Alle zwei Jahre verdoppelt sich die Leistung von Computern

Orientierung geben, Erfahrungen teilen - Sebastian Meier hofft, dass diese Wettbewerbsvorteile reichen werden, um seinen Job noch lange machen zu können. "Gern bis zur Rente", sagt er. Aber natürlich ist auch ihm nicht entgangen, dass die technischen Neuerungen der vergangenen Jahre Jobs gekostet haben. Die Zahl der Kollegen in der Kundenbetreuung ist kleiner geworden.

Vernichtet der technische Wandel also doch Arbeitsplätze - nur vielleicht in etwas geringerem Ausmaß, als befürchtet? "Nicht zwangsläufig", sagt Forscher Gregory. Der Einsatz moderner Technologien setze eine Kaskade von Prozessen in Firmen und Branchen in Gang. Stellenabbau sei nur ein Teil davon. Unternehmen würden profitabler, produzierten mehr - und stellten mehr Personal an anderen Stellen ein, wo es nicht so leicht zu ersetzen ist.

Das ZEW hat diese Effekte auf die Nachfrage nach Arbeitskräften in Europa geschätzt. Technische Neuerungen haben von 1999 bis 2010 demnach europaweit 9,6 Millionen Arbeitsplätze gekostet. Auf der anderen Seite habe der technologische Wandel in der gleichen Zeit viele neue Jobs geschaffen: 21 Millionen, um genau zu sein. "Menschliche Arbeit liefert sich kein Wettrennen mit der Technik", sagt Gregory. "Beide laufen Hand in Hand".

Das würde erklären, warum weder Deutschland noch Europa die Arbeitsplätze ausgegangen sind - obwohl sich die Rechengeschwindigkeit von Computern seit 1971 im Schnitt alle zwei Jahre verdoppelt.

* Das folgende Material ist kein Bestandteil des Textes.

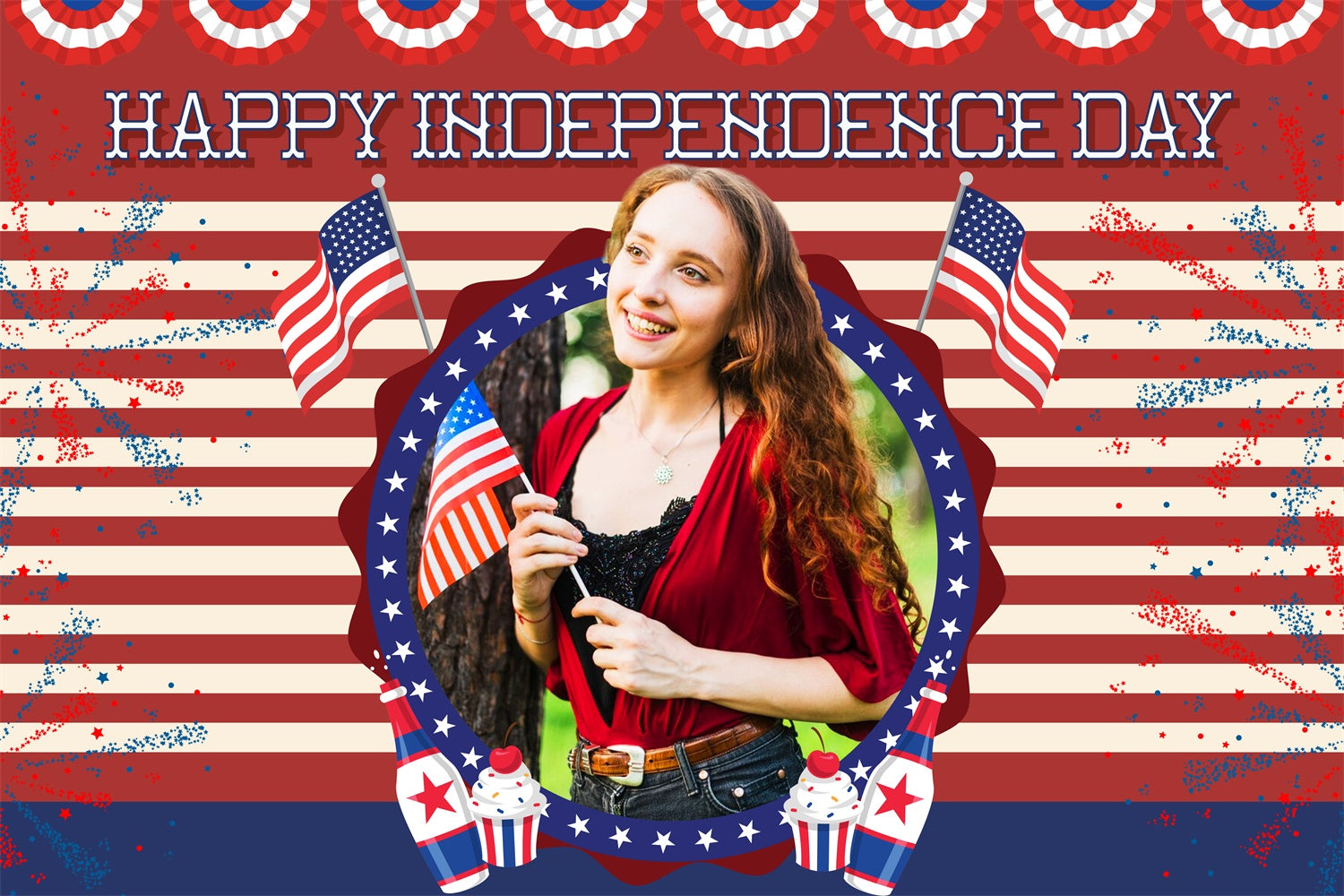 American Flag Backdrop Vintage Flag Fireworks Customized Backdrop LXX5-43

In Deutschland liegt die Zahl der Beschäftigten mit 44 Millionen Menschen so hoch wie nie zuvor. Auch EU-weit ist der Anteil der Erwachsenen in Lohn und Arbeit nicht gefallen, sondern seit 2005 von 63 Prozent auf 67 Prozent gestiegen.

Ohne Probleme ist die Entwicklung dennoch nicht: Denn vor allem Arbeitsplätze mit mittleren Qualifikationsanforderungen fallen weg. Die neuen Jobs hingegen entstehen entweder für Spitzenkräfte - oder für Geringqualifizierte. Der Einsatz von 3D-Druckern ist ein Beispiel: "Der wird von einem Ingenieur programmiert, kann dann aber von einer ungelernten Kraft bedient werden", sagt Ökonom Gregory. Klassische Industriefacharbeiter bleiben auf der Strecke. In Deutschland sind laut OECD so seit 1995 acht Prozent der Arbeitsplätze mittlere Qualifikation weggefallen, während die Nachfrage nach niedrig und hoch qualifizierten Kräften gestiegen ist.

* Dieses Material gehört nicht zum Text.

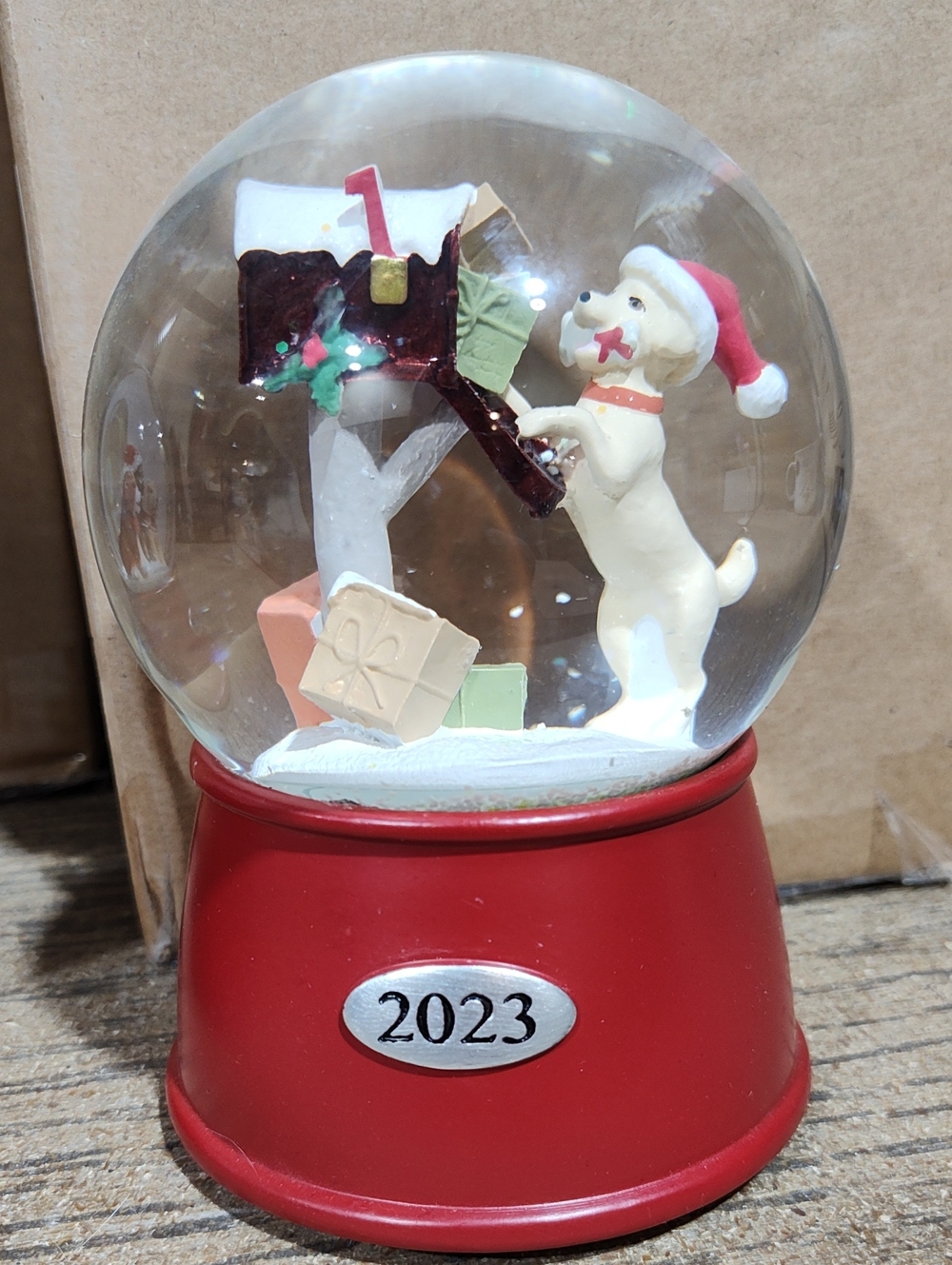 Festive Red 2023 Holiday Snow Globe with Dog Figurine- New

Und wenn Gregory sich doch irrt - und die Vergangenheit kein Muster für die Zukunft mehr ist, weil künstliche Intelligenz Arbeit und Fortschritt endgültig vom Menschen abkoppelt?

Der Forscher kramt auf seinem Schreibtisch einen Artikel hervor und beginnt vorzulesen. "Lediglich der Zeitpunkt ist umstritten. Die Experten sind in zwei Lager gespalten. Die einen behaupten, dass die Flut schnell ansteigt und in 20 Jahren 80 Prozent der Arbeitsplätze vernichtet. Die anderen sind der Ansicht, dieses Ergebnis werde erst später erreicht", steht da.

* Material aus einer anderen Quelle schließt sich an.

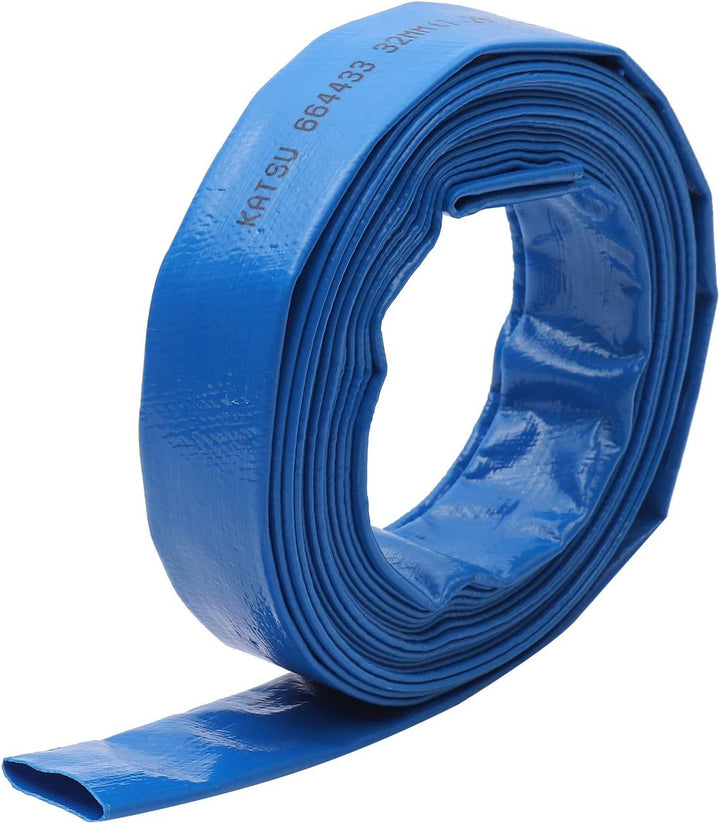 KATSU Flachschlauch Ablaufschlauch 10 m x 32 mm, mit 2 Clips und Schnellkupplungsanschluss, Passend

Der Artikel stammt aus der SPIEGEL-Ausgabe vom 17. April 1979. Die Angst vor dem Ende der Arbeit ist nicht neu, will Gregory damit sagen. "Die Schreckenszenarien haben sich noch kein einziges Mal bewahrheitet."

*Sebastian Meier heißt in Wahrheit nicht Sebastian Meier. Er hat für das Gespräch um die Änderung seines Namens gebeten.